(Brief):
In the records below, the line with "12229 Luftburrow Lane, Hudson, FL" and every line after it must be written out exactly; no pictures belong in the result.

Caption-style text data
■ ■ ■ ■
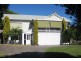 136 Griffith Street, Port Fairy VIC 3284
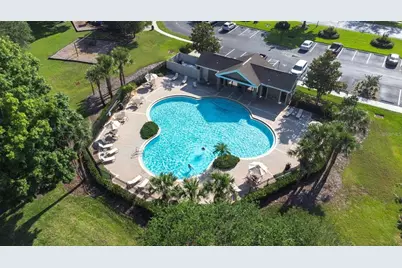 12229 Luftburrow Lane, Hudson, FL 34669 - Photo 63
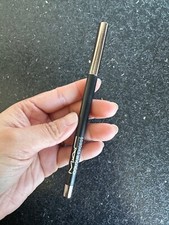 mac colour excess gel pencil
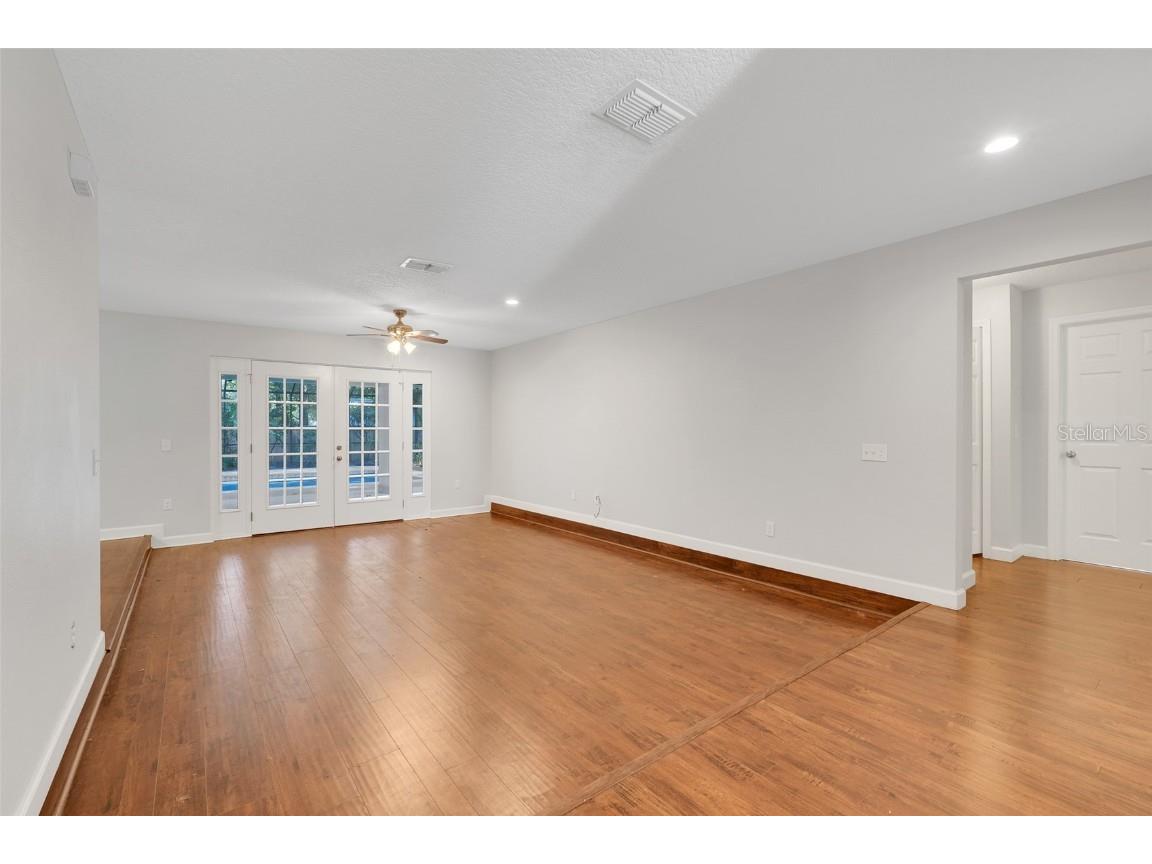 600 Chelsea Road Longwood FL 32750 O6346026 image10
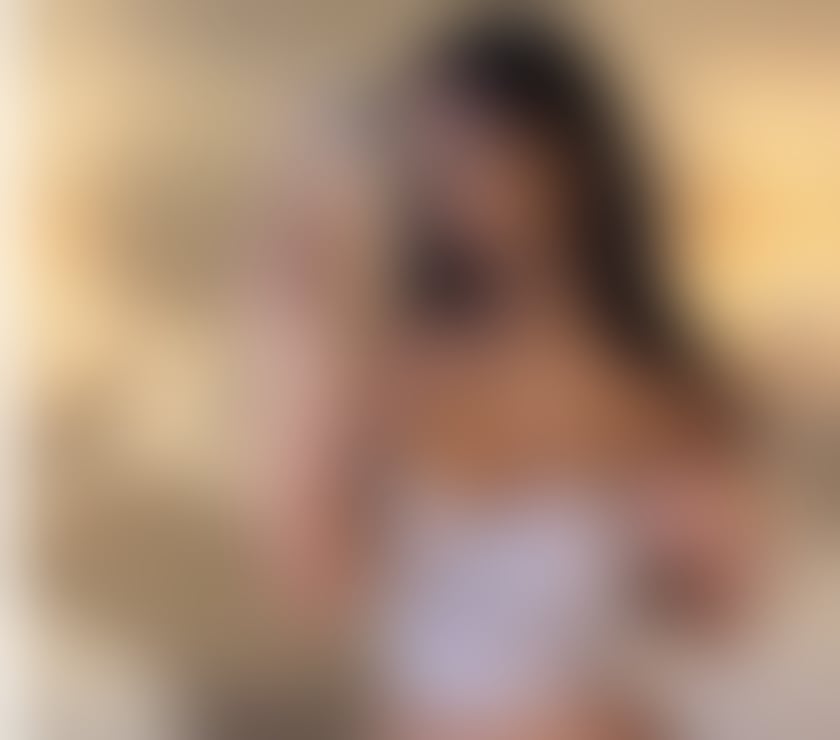 Escorts North London Shoreditch High Street Station - North London - Photos for JHENNY 🍷 THE BEST EXPERIENCE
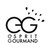 Esprit Gourmand logo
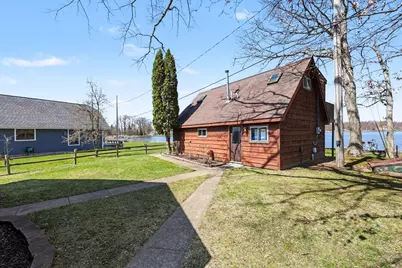8945 Mott Drive, Jackson, MI 49201 - Photo 7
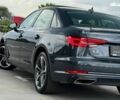 Ауді А4, об'ємом двигуна 2 л та пробігом 88 тис. км за 20500 $, фото 8 на Automoto.ua
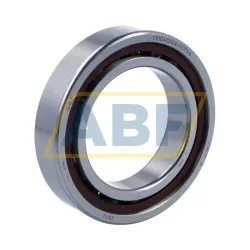 Подшипник шариковый радиально-упорный однорядный 7010ACDGA/HCP4A SKF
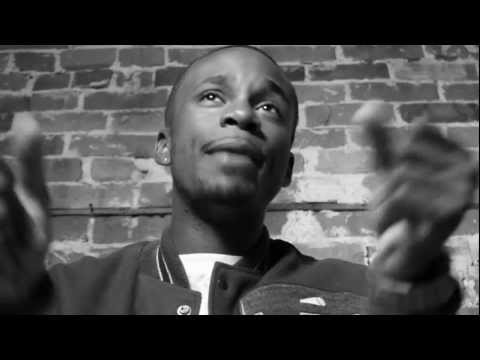 Amir’ Driver – The Upper Room (Freestyle)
■ ■ ■ ■
(Exercise solution):
 12229 Luftburrow Lane, Hudson, FL 34669 - Photo 63
 mac colour excess gel pencil
 600 Chelsea Road Longwood FL 32750 O6346026 image10
 Escorts North London Shoreditch High Street Station - North London - Photos for JHENNY 🍷 THE BEST EXPERIENCE
 Esprit Gourmand logo
8945 Mott Drive, Jackson, MI 49201 - Photo 7
 Ауді А4, об'ємом двигуна 2 л та пробігом 88 тис. км за 20500 $, фото 8 на Automoto.ua
 Подшипник шариковый радиально-упорный однорядный 7010ACDGA/HCP4A SKF
 Amir’ Driver – The Upper Room (Freestyle)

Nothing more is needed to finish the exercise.